▶ [What the task asks]
In the records, find each line where "Castro" occurs, and copy it.

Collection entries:

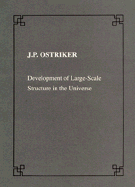 Development of Large Scale Structure in the Universe - Ostriker, Jeremiah P.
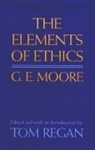 George Edward Moore, Tom Regan, Tom Regan - Elements of Ethics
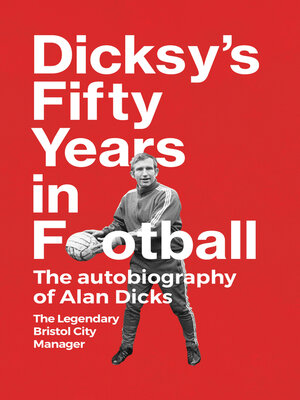 cover image of Dicksy's Fifty Years in Football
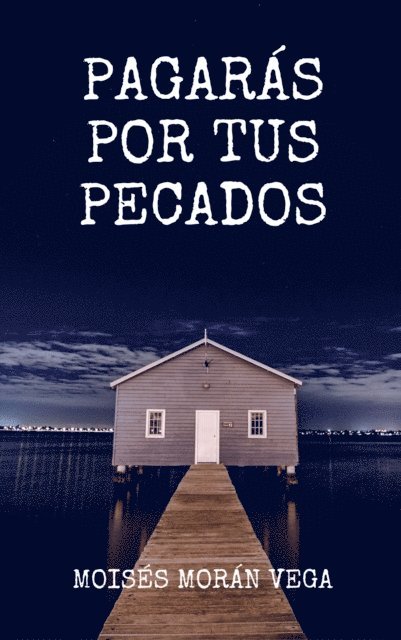 Moises Moran Vega - Pagaras por tus pecados, E-bok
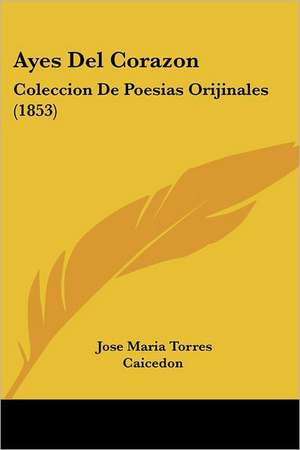 Ayes Del Corazon de Jose Maria Torres Caicedon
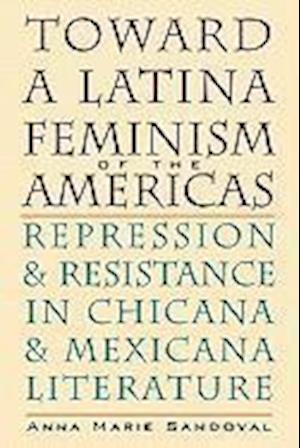 Toward a Latina Feminism of the Americas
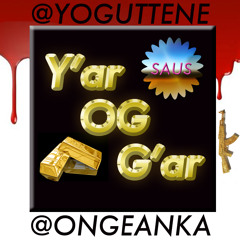 Onge Anka - Y'ar og G'ar  @YOGUTTENE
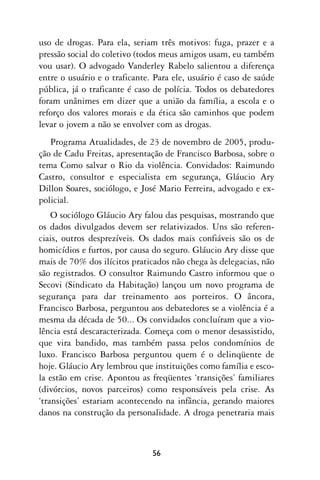 uso de drogas. Para ela, seriam três motivos: fuga, prazer e a
pressão social do coletivo (todos meus amigos usam, eu também
vou usar). O advogado Vanderley Rabelo salientou a diferença
entre o usuário e o traficante. Para ele, usuário é caso de saúde
pública, já o traficante é caso de polícia. Todos os debatedores
foram unânimes em dizer que a união da família, a escola e o
reforço dos valores morais e da ética são caminhos que podem
levar o jovem a não se envolver com as drogas.
   Programa Atualidades, de 23 de novembro de 2005, produ-
ção de Cadu Freitas, apresentação de Francisco Barbosa, sobre o
tema Como salvar o Rio da violência. Convidados: Raimundo
Castro, consultor e especialista em segurança, Gláucio Ary
Dillon Soares, sociólogo, e José Mario Ferreira, advogado e ex-
policial.
    O sociólogo Gláucio Ary falou das pesquisas, mostrando que
os dados divulgados devem ser relativizados. Uns são referen-
ciais, outros desprezíveis. Os dados mais confiáveis são os de
homicídios e furtos, por causa do seguro. Gláucio Ary disse que
mais de 70% dos ilícitos praticados não chega às delegacias, não
são registrados. O consultor Raimundo Castro informou que o
Secovi (Sindicato da Habitação) lançou um novo programa de
segurança para dar treinamento aos porteiros. O âncora,
Francisco Barbosa, perguntou aos debatedores se a violência é a
mesma da década de 50... Os convidados concluíram que a vio-
lência está descaracterizada. Começa com o menor desassistido,
que vira bandido, mas também passa pelos condomínios de
luxo. Francisco Barbosa perguntou quem é o delinqüente de
hoje. Gláucio Ary lembrou que instituições como família e esco-
la estão em crise. Apontou as freqüentes ‘transições’ familiares
(divórcios, novos parceiros) como responsáveis pela crise. As
‘transições’ estariam acontecendo na infância, gerando maiores
danos na construção da personalidade. A droga penetraria mais



                               56
 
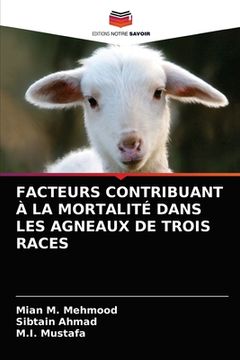 portada Facteurs Contribuant À La Mortalité Dans Les Agneaux de Trois Races (in French)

▶ [Reply to the task]
Castro, consultor e especialista em segurança, Gláucio Ary
são registrados. O consultor Raimundo Castro informou que o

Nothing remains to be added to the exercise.